Le test controversé sur la taxe au kilomètre démarre ce lundi

Un millier d’automobilistes vont participer pendant huit semaines à un projet de taxation au kilomètre.

Journaliste au service Web Temps de lecture: 3 min

Ce projet trouve son origine dans un accord conclu en 2011 entre les trois Régions à propos de la taxation des poids lourds.

1.200 personnes vont tester dès ce lundi la taxation kilométrique qui consiste à acquitter jusqu’à 9 cents par kilomètre parcouru au sein de la zone RER (Bruxelles, sa périphérie et les zones couvertes par le futur réseau express régional), contre 5 cents sur l’autoroute et 6,5 sur les autres routes. Un GPS calculera les distances parcoures. Un tarif modulé en fonction de l’heure de circulation et des caractéristiques du véhicule. Après un mois d’écolage, le test proprement dit durera un mois. Les résultats sont attendus mi-mai.

Il s’agit bien d’un test. Aucune décision n’a été prise par les différents gouvernements régionaux.

Ce qu’en pensent les politiques

Le président du PS, Paul Magnette n’a pas laissé d’ambiguïté : « Je suis parfaitement clair, je suis radicalement contre ». Le président du PS a estimé que « les automobilistes payaient déjà assez de taxes comme ça. On ne va pas alourdir encore cette facture, car ça pénaliserait les travailleurs et les familles ».sur les voitures est déjà forte, il n’est pas question de l’alourdir ».

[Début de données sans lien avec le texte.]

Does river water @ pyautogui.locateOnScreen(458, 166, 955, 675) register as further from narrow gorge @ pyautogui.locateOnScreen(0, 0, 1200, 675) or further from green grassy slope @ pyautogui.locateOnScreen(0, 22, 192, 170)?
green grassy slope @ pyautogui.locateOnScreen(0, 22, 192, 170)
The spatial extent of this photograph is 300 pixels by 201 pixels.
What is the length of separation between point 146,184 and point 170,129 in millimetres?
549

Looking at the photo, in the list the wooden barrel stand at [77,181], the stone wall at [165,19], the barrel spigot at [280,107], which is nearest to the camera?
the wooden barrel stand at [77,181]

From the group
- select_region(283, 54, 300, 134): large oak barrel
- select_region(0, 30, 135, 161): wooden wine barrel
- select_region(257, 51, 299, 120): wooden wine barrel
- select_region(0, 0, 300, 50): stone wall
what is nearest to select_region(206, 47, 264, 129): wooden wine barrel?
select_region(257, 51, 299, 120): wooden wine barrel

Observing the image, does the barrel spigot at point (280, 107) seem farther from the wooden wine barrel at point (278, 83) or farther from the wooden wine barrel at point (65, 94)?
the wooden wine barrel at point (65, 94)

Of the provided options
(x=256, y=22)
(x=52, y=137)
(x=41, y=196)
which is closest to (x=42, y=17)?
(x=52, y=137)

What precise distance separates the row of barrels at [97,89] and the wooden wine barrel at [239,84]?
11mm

Quant à Rudy Vervoort, il affirme qu’« une tarification kilométrique ne peut ajouter une nouvelle taxe !  ». Le ministre-président bruxellois souligne qu’elle doit « au contraire supprimer et remplacer la taxation actuelle, qui est injuste et qui frappe indistinctement les grands usagers de la route et les petits.  » Rudy Vervoort estime «  indispensable que des mesures fortes soient prises afin de réduire la congestion  » de Bruxelles. Elio Di Rupo a dit la même chose : « Je ne veux en aucun cas que l’on accroît la fiscalité sur les citoyens et sur les automobilistes, surtout s’ils habitent dans des endroits reculés ».

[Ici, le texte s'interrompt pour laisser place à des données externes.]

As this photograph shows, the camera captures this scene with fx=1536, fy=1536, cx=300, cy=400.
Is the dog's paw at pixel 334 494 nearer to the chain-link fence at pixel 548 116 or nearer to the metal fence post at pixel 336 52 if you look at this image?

Ecolo se dit déterminé à mettre en œuvre des solutions concrètes pour répondre aux questions de mobilité à Bruxelles et en Wallonie mais Ecolo s’opposera à la mise en œuvre d’un dispositif qui n’offre pas les garanties suffisantes pour protéger la vie privée, le portefeuille et le quotidien des citoyens. Aucune de ces conditions n’est remplie à ce stade, estime Ecolo.

Du côté du CDH, le président Benoît Lutgen a rappelé qu’il était « radicalement opposé  » au projet concernant les particuliers. « Il s’agit d’une mauvaise solution à un réel problème de mobilité. Un tel système serait incontrôlable, très coûteux en fonctionnement et reviendrait à asphyxier les travailleurs et les ruraux ! », estime-t-il. Pour les humanistes, la priorité est de développer un Réseau Express de Covoiturage, accélérer les travaux du RER, augmenter l’offre de transports en commun en zone rurale, favoriser le télétravail et le « coworking ».

Le MR a réaffirmé son opposition au projet. Les libéraux estiment prioritaire le développement de l’offre de transports en commun et la création de parkings de dissuasion aux entrées de Bruxelles. «  Ensuite on peut penser à une taxe mais celle-ci ne peut en aucun cas augmenter la charge sur les véhicules. Pour l’automobiliste, au final il faut que cela soit neutre », a commenté Françoise Schepmans, bourgmestre de Molenbeek. « Ce n’est pas en taxant les citoyens qu’on réglera le problème », a déclaré de son côté Vincent De Wolf, tête de liste MR à Bruxelles.

Enfin, les FDF ont fustigé le projet. Selon le député bruxellois, Emmanuel De Bock, la taxe va « toucher lourdement les Bruxellois et favoriser l’exode urbain des entreprises et classes moyennes ».

Ce qu’en pensent les citoyens

Une pétition intitulée « Non à la taxe kilométrique-Neen aan de kilometerheffing » lancée sur petitions24.net a recueilli à l’heure où nous écrivons ces lignes, plus de 167.000 signatures.